College radio stations are small, but highly technical organizations. The era of the scruffy stoner spinning disks and mumbling into a microphone have been replaced by software systems that manage the station’s programming around the clock, and play recorded segments of scruffy stoners mumbling into microphones.
Kyle was the “tech-guy” at one station. Like any other small organization, the job involved doing anything from desktop support to server administration and some basic programming on the side. To keep the station’s website up to date, Kyle’s predecessor, Chad, had built a home-grown CMS-like system. Everything done by the station ended up there, in one form or another: photographs of every event, recordings of every interview, calendars and set-lists. As the tech-guy, Kyle put all of the data into that system.
Bill, Kyle’s boss, wasn’t terribly happy with Kyle’s technical performance. “Why the hell is it taking you so long to update the website? I gave you a stack of photos three weeks ago, and they’re still not in the gallery page.” Bill was technical enough to understand what goes into doing basic web page updates.
“Well,” Kyle said, “I have to get them into PHPTXTDB
.”
“Into what?”
Kyle explained. Once upon a time, when Chad was in Kyle’s position, Chad knew just enough PHP to be dangerous . When someone said, “We need a website,” Chad broke out Learn PHP in 24 Hours and got to work. Since the “tech-guy” role had so many hats to wear, Chad couldn’t devote himself to it full-time, which meant he was very protective against any form of scope creep.
For example, no one said, “we need to store data in a database.” Chad didn’t build one. Instead, he created PHPTXTDB. Designed to be simple, it was a folder stuffed full of text files. To provide a schema, Chad named them all things like “01.phptxtdb” and “AR.phptxtdb”. The files were delimited, but if Chad delimited them with common characters, like a comma or tab, then he’d need to escape these characters so they could be stored in his “database”. Sensitive to scope creep, Chad didn’t include any escaping logic. Instead, he delimited each file with a string that would never be in his data: “(Y)”.
Since the requirement was, “we need a website”, Chad also didn’t allow any scope to creep in by making reusable code. If you accessed one of those database files, you simply opened the file and split("(Y)", …)
the contents. If you hoped to know which files contained which data, or what the various columns in the data meant, don’t worry- documenting this solution wasn’t in scope either. Even better, some files had a specific column layout, and others had an abritrary one.
“Since there’s no editing tool,” Kyle explained, “I have to go in and modify each of these manually and hope I don’t break anything.”
“Okay,” Bill said, “this sucks, but I still don’t understand why it’s taking you so long.”
Kyle walked Bill through the process. First, he opened i.phptxtdb
. This file stored an image name and a base64-encoded representation of the image. Adding the image there also meant that he had to check and confirm that he didn’t reuse the same name twice. Then he had to open 03q.phptxtdb
, and repeat this process, because sometimes the application looked at that file for images. The reason for that was a mystery.
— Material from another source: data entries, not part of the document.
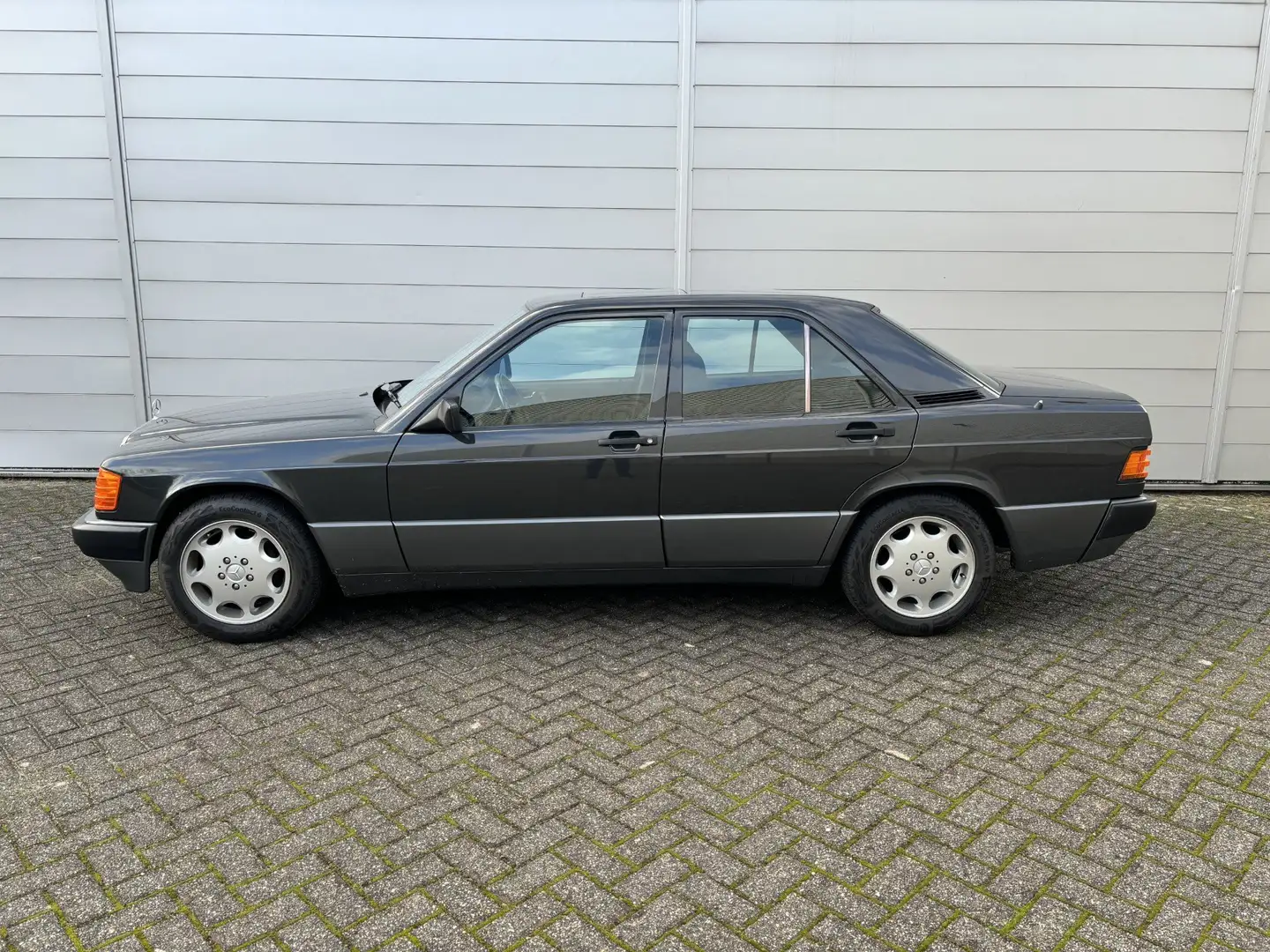 Mercedes-Benz 190 190E 2.6 Exzellenter Zustand 49.700 km! Zwart - 1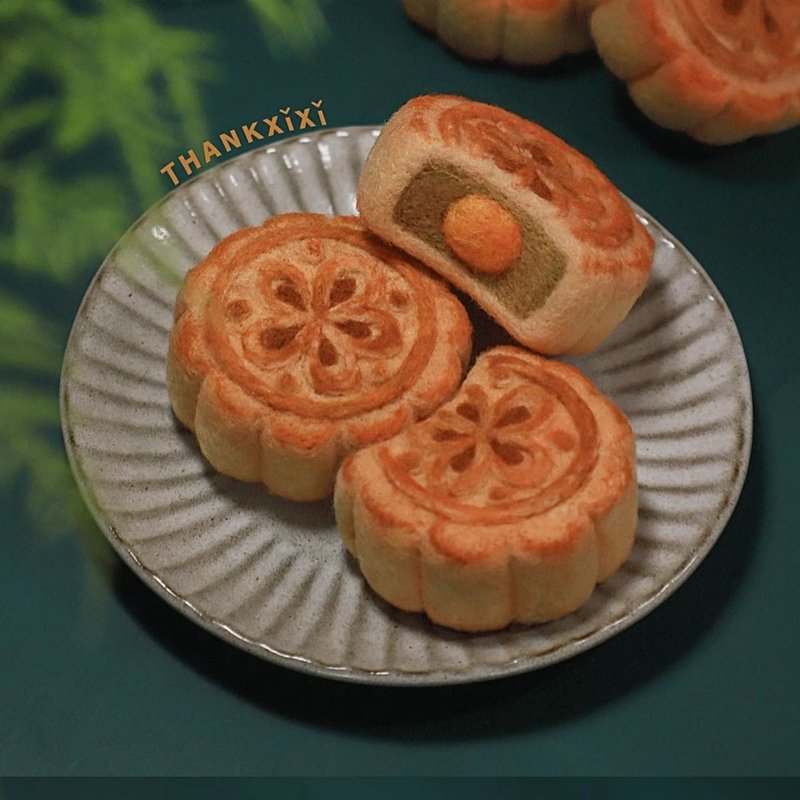 羊毛氈手作 中秋節日 咸蛋黃月餅 兔子月餅 原創手工胸針/別針飾 - 胸针 - 羊毛 橘色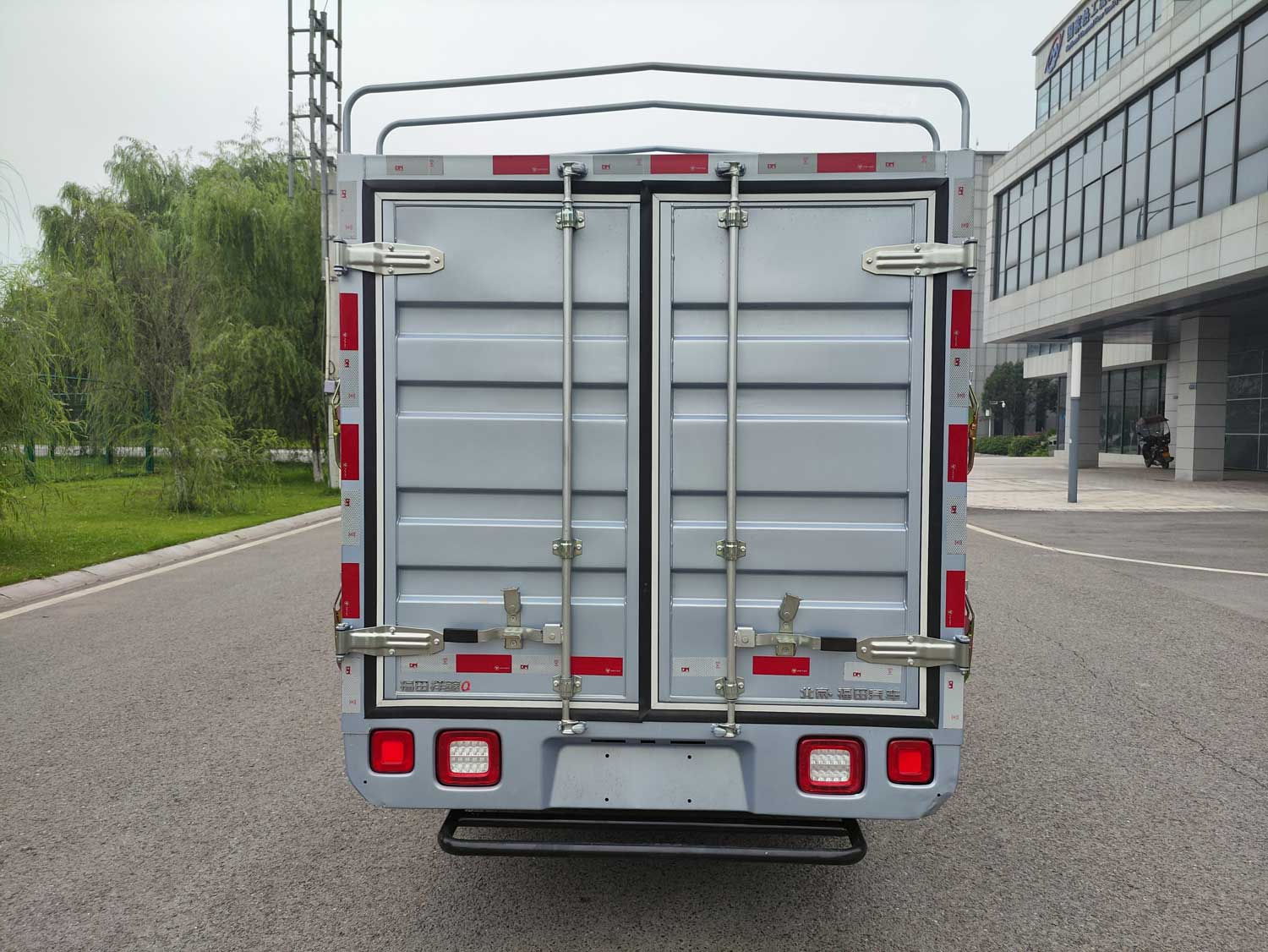 福田牌BJ5020CCY2AV6-73倉(cāng)柵式運(yùn)輸車(chē)公告圖片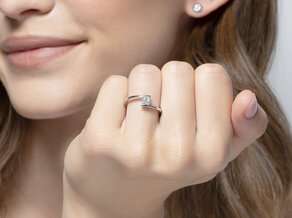 Verlobungsring Vibe  in 9K Weißgold mit Diamant 0,50ct H/SI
The actual page templates were stored in 000.phptxtdb
, 001.phptxtdb
and pages.phptxtdb
. The entire body of every page was stored in-line in this “database”, which meant Kyle usually ended up trying to edit the HTML as a single line. For the more complex pages, this was quite a chore, and it was easy to screw up- as Kyle unintentionally demonstrated to Bill several times before even one image displayed correctly.
“This is terrible,” Bill said. “And this works?”
“Mostly. If images exceed a certain size, I think we overflow the buffer, but I haven’t tested it in awhile.”
Bill spent a long moment staring at Kyle’s screen, and the phptxtdb
files he had been working on. Finally, he said, “Can we replace this with like, Wordpress or something? I know it’d be a lot of extra time for you to get everything ported over, but-”
Kyle cut him off. “I would be happy to. I’ll make the time.”